第2話「美騎爾の示し」

「美騎爾の示し」(その1)

 東の大陸で三百有余年の樹齢を誇った大樹がついに倒れた。


 この東王朝という大樹は遠巻きに見れば枝葉末節に至るまで立派であったが、近くで見てみれば木肌は病に歪み中身は虫食いだらけとなっていた。民主化運動によって遂に臨時政府が発足し「東華民国」としての承認を受けた。


 極東地域では扶桑之國に続く近代国家の誕生、臨時政府による初の選挙では、無血革命の中心にあった女傑、司馬明明が総裁に選出された。女性による元首という点では、扶桑之國が旧政府を打倒した時よりも遥かに先進的な成果であったとえよう。だが国民はその先進性ではなく、彼女の一族が抱える過去であった。


 司馬一門は古来から王朝の崩壊や動乱の時期に必ず大人物を輩出している。


 著名な例では三国王朝、あの王朝に伝わる美騎爾と呼ばれる甲冑が女将軍によって用いられた時代まで遡る。長年の戦乱の末、東部の王朝によって三国は統一。新王朝と名乗ったがほどなくして世継ぎが逝去。この混乱に便乗し一宰相であった司馬一門が政権を掌握、新王朝を真王朝と改めて統治した。

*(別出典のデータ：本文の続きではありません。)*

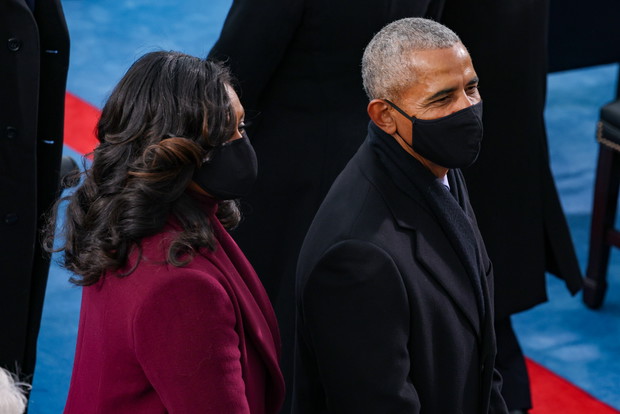 Michelle Obama - wszyscy mówią tylko o jej fryzurze. Jak zrobić idealne fale?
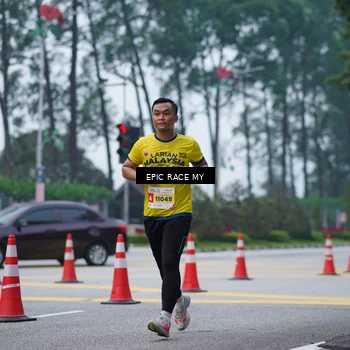 Runner Photo 7052089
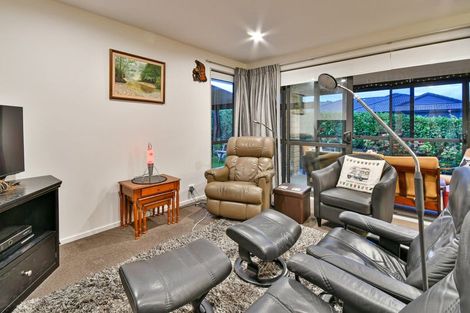 Photo of property in 2 Lochside Lane, Pokeno, 2402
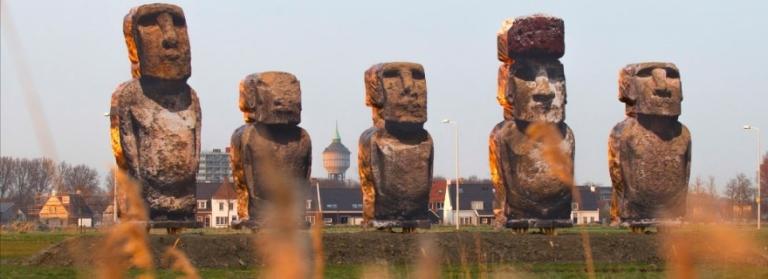 Fake Easter Island statues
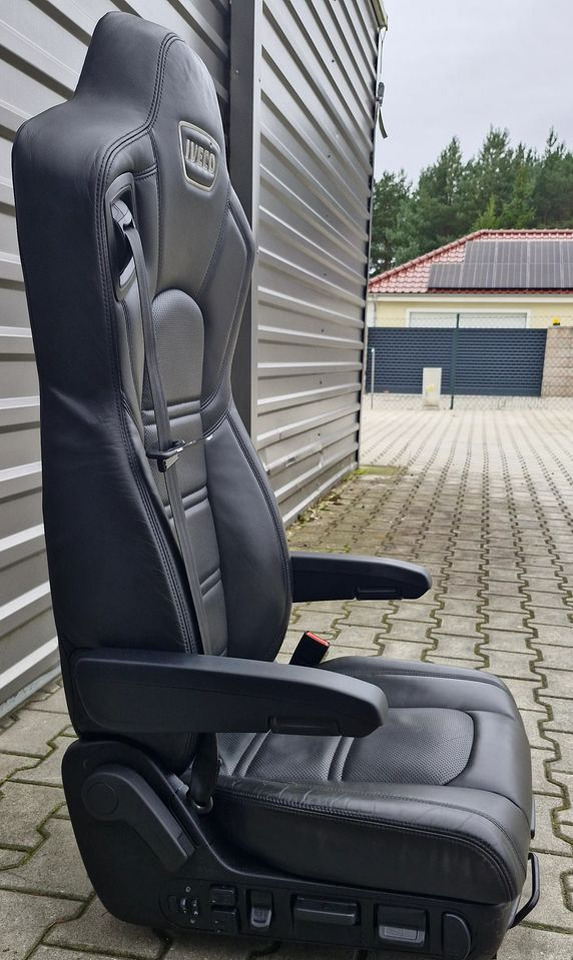 IVECO STRALIS S WAY FOTEL PASAŻERA - Кабина и интерьер: фото 3 IVECO STRALIS S WAY FOTEL PASAŻERA - Кабина и интерьер: фото 3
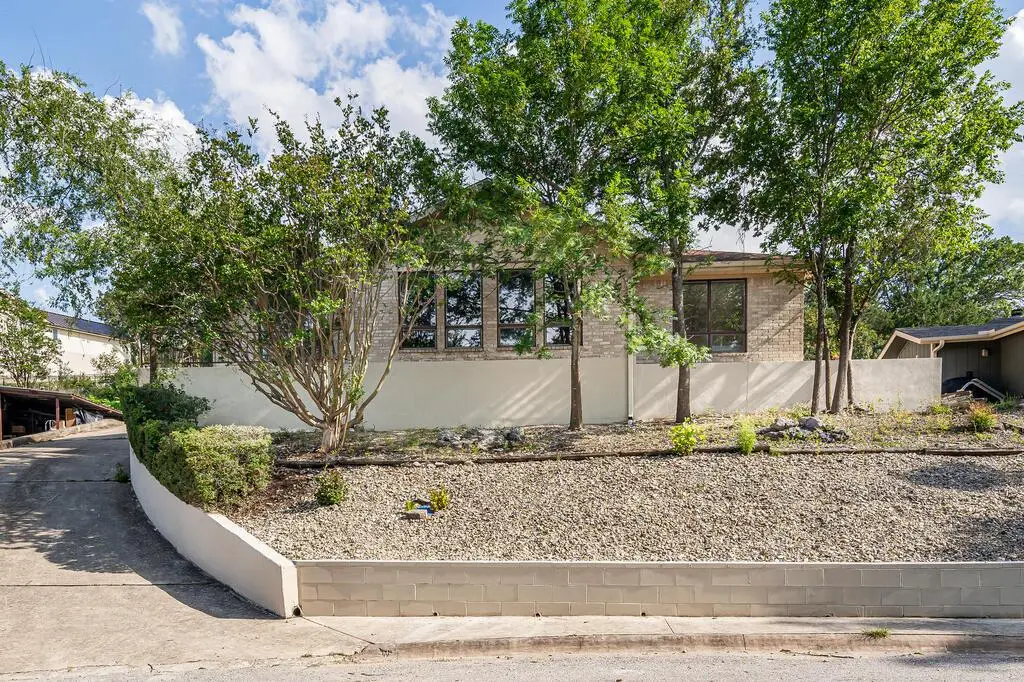 1307 Malibu Dr, Kerrville, TX 78028 - #1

 人々が長くこの出来事を覚えているのは、これが戦乱によって起こされたものではないこと。今回のように無血でもって成立した変革であったためだ。戦乱が絶えなかった古代の大陸にあって、この王朝成立は奇跡であった。


 王朝政治の腐敗などは、誰しもが知ることであった。


 明明は王朝に仕える高級官吏の祖父や父を通して、その大樹の実際を知りこの運動に身を投じた一人だ。賄賂が横行することは言うに及ばず。中央から地方に至るまで官吏は半ば世襲となっており、登用試験にも平然と不正がまかり通っている。この有様を是正しようと考えるものは、悉く消されていった。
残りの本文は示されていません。